This time of year always makes me miss Chicago. Not for the tall buildings, the crowds or the world’s best pizza — though there are times I miss those too.
As the grass turns green and the weather starts to warm, I long for the sounds, smells and cheers that always came from Wrigley Field.
I lived in Evanston, Illinois, for four years while I attended Northwestern University and often took the train to the north side for a ball game.
Bleacher tickets were the best — and for me the cheapest — option for the games. I’d often hang out in Wrigleyville waiting for the second or third inning. Just enough time for a scalper to be desperate to sell whatever tickets they had left.
There is something about Wrigley Field that is hard to describe. Unlike the cold, enormous fields that are being built these days to accommodate as many people as possible, Wrigley still maintains its historic charm.

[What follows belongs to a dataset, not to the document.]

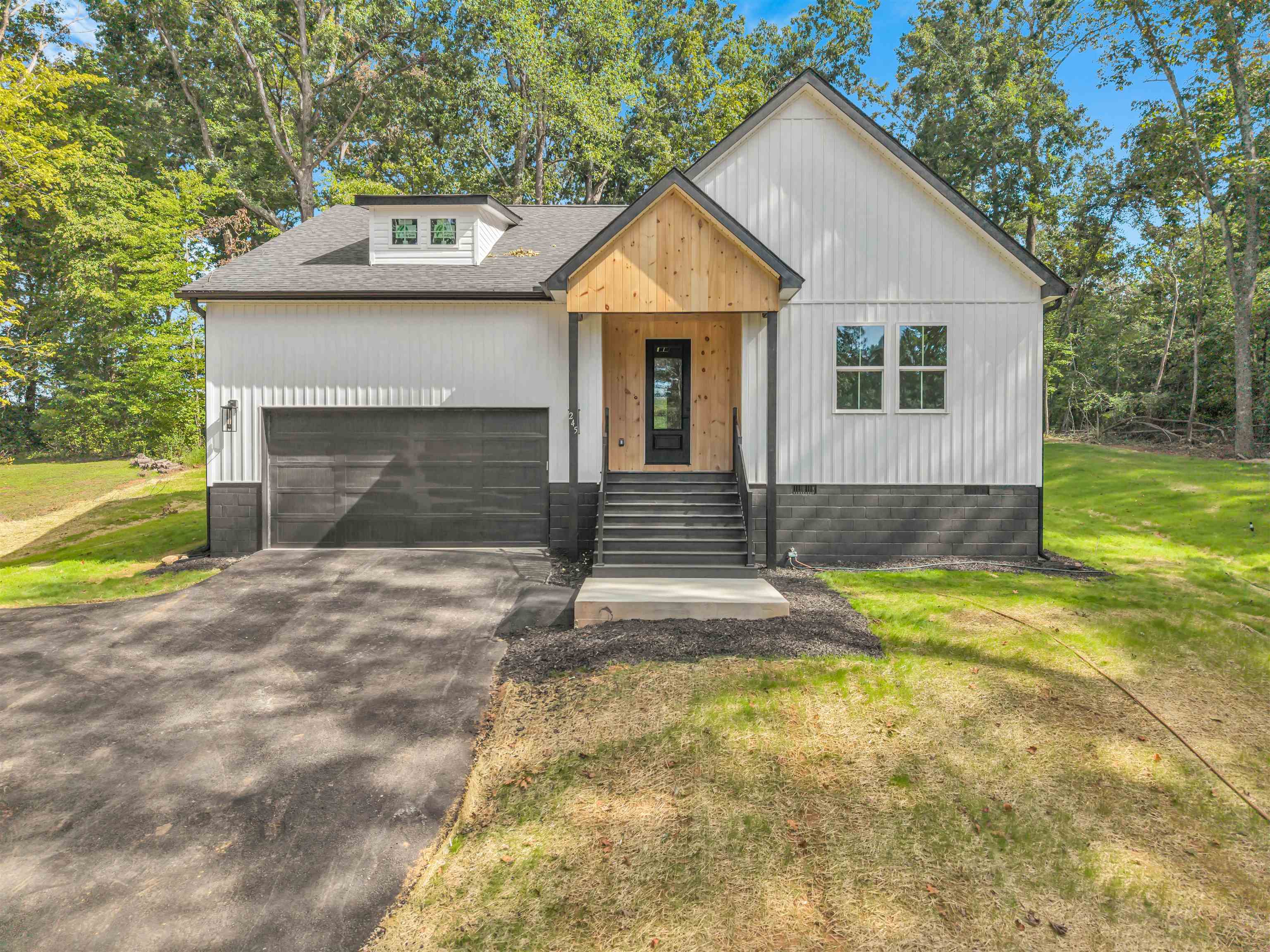 245 Tucker Road — photo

No matter where you sit, you feel like you’re close to the game.
The Friendly Confines truly lives up to its name — you can talk to just about anybody at the game, whether you knew the people when you got there or not. Friends come easy.
I often get teased for being a Cubs fan. Friends of mine joke that while most baseball teams have players with drinking problems, the Cubs are a drinking team with a baseball problem.

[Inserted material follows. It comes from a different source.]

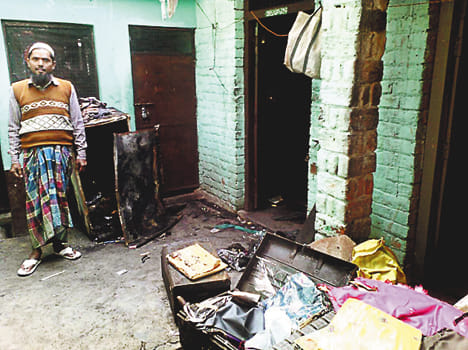 Fire on a short circuit, daughter's dowry burn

There is plenty to tease about, I suppose. The Cubs, often called the Lovable Losers, have had their fair share of troubles. Winning doesn’t always come easy for them and as most people know, they haven’t won a World Series in, well, awhile.
I never cared. I’m a competitive person, but I enjoyed going to Wrigley simply for the game. Win, lose or rain delay, it didn’t matter. When I couldn’t make the games, I’d sit in my apartment and watch the games, while attempting to do homework.

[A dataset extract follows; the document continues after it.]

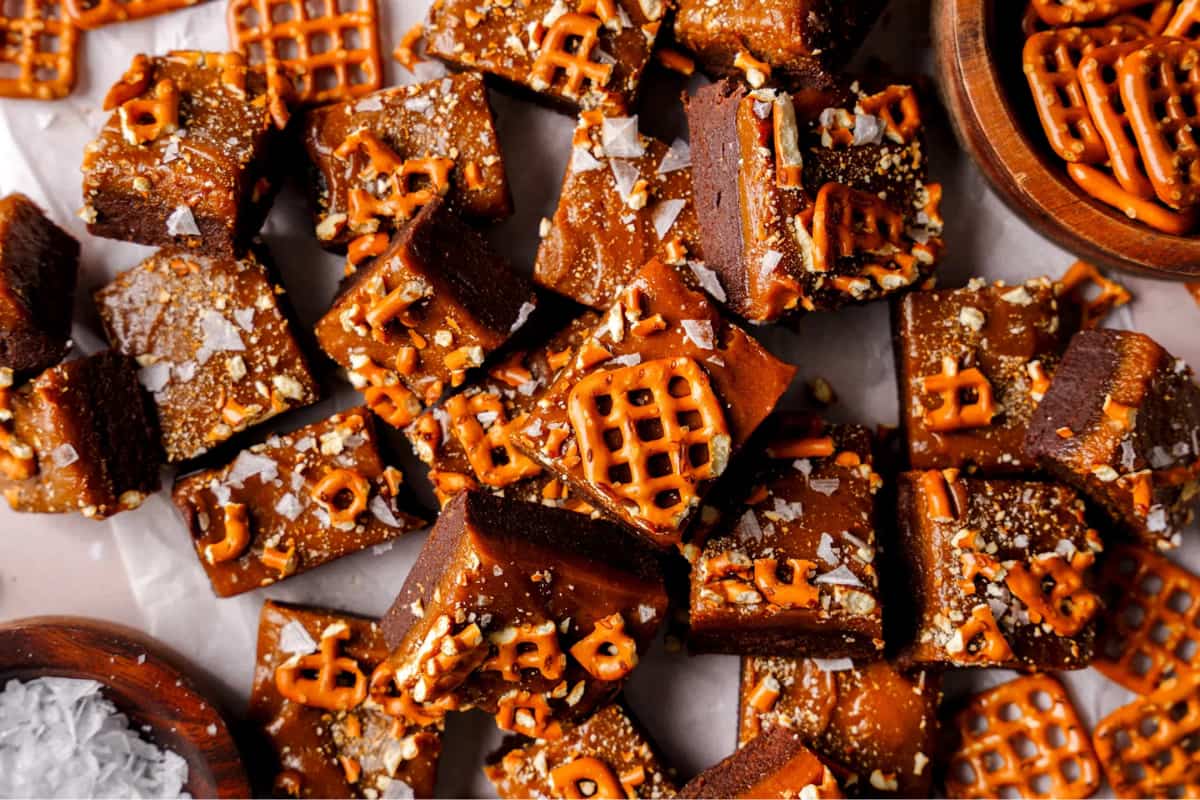 A plate of Chocolate Caramel Pretzel Date Fudge.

But, I’m a sucker for baseball in general. I grew up playing baseball and softball. My brother played for a long time as well.
I love pretty much every baseball movie. The classics, like “Field of Dreams,” “Eight Men Out” and “The Natural,” line my shelves. Other favorites include “The Sandlot,” “Rookie of the Year” and more recent ones like “42” and “For Love of the Game.”
Of course “A League of Their Own” is near the top of my list. My great aunt actually played in the All-American Girls Professional Baseball League. I’m rather proud of her for that.
So as the boys of summer take the fields this weekend and in the many warm weekends ahead, I’ll listen for the sounds of a solid hit off the bat and the smack of a strike as it hits the catcher’s mitt. Luckily, I live right by Thorne-Rider Park and those sounds are plentiful all summer long.